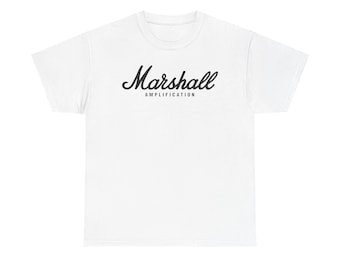 Marshall Amplification Logo T-Shirt | Retro Band Tee, Music Gear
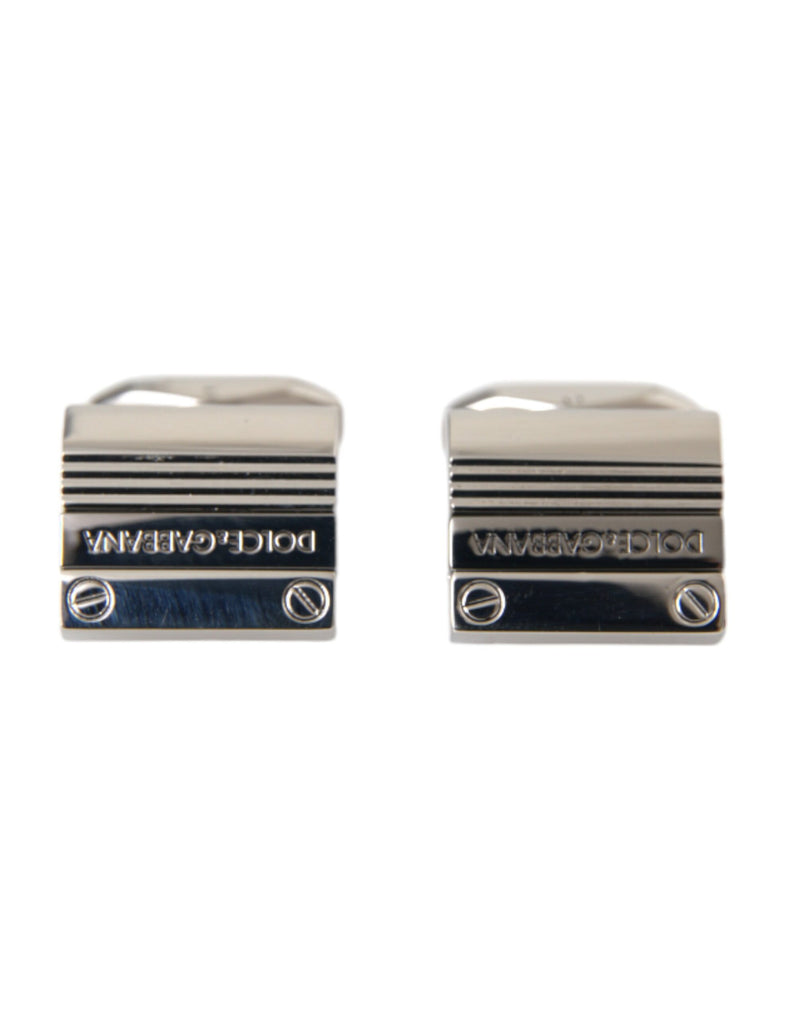 Silver Plated Metal Brass DG Logo Pin Cufflinks-Dolce & Gabbana-LabelTerrace.com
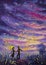 Original Painting abstract man and woman are dancing on sunset. Night, nature, landscape, purple starry sky, romance, love, feelin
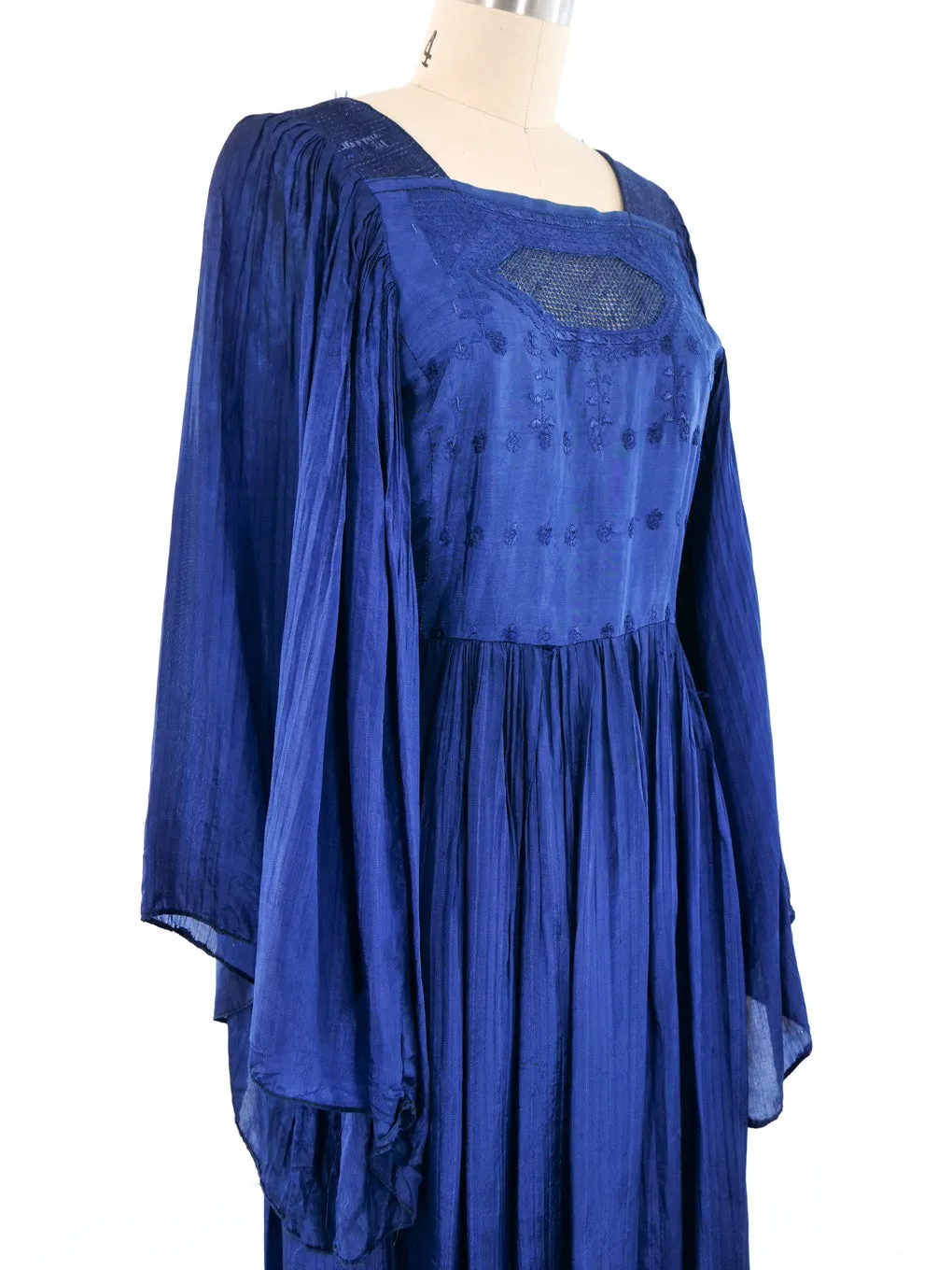 1970's Pleated Indigo Dress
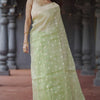Delightful Pista Linen Silk Saree With Fairytale Blouse Piece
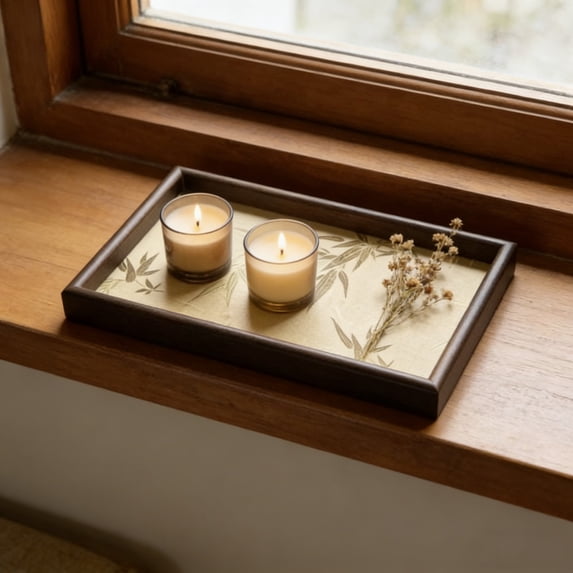 Wooden Tray with Embroidery Bamboo Leaf Pattern, Decorative Serving Tray for Coffee Table, Entryway, Bathroom, Small Item Organizer for Keys, Jewelry, Coins, Rustic Home Decor Accent, Yellow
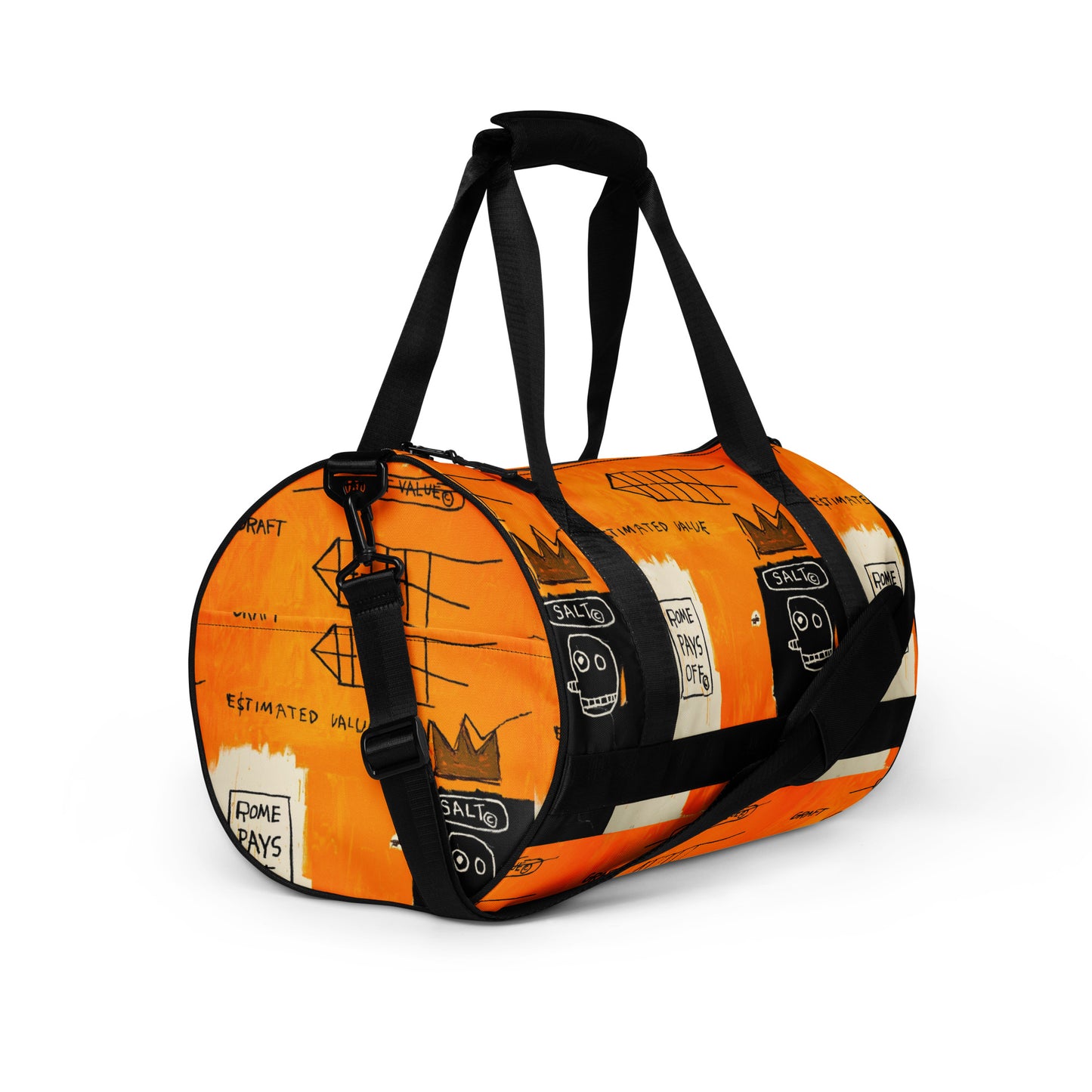 Jean-Michel Basquiat "Rome Pays Off" Artwork Gym Bag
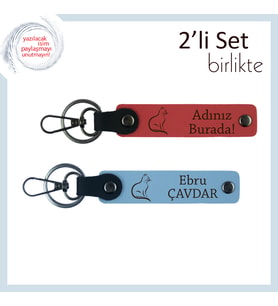 Patili Kombin Sevenlere, İsme Özel Yazılı, Tatlı Deri Anahtarlık, Nar Çiçeği-Gök Mavi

What the task requires | Return the records above exactly as written, but without any of the pictures.

Answer space |
 Marshall Amplification Logo T-Shirt | Retro Band Tee, Music Gear
 Silver Plated Metal Brass DG Logo Pin Cufflinks-Dolce & Gabbana-LabelTerrace.com
 Original Painting abstract man and woman are dancing on sunset. Night, nature, landscape, purple starry sky, romance, love, feelin
 1970's Pleated Indigo Dress
Delightful Pista Linen Silk Saree With Fairytale Blouse Piece
 Wooden Tray with Embroidery Bamboo Leaf Pattern, Decorative Serving Tray for Coffee Table, Entryway, Bathroom, Small Item Organizer for Keys, Jewelry, Coins, Rustic Home Decor Accent, Yellow
 Jean-Michel Basquiat "Rome Pays Off" Artwork Gym Bag
 Patili Kombin Sevenlere, İsme Özel Yazılı, Tatlı Deri Anahtarlık, Nar Çiçeği-Gök Mavi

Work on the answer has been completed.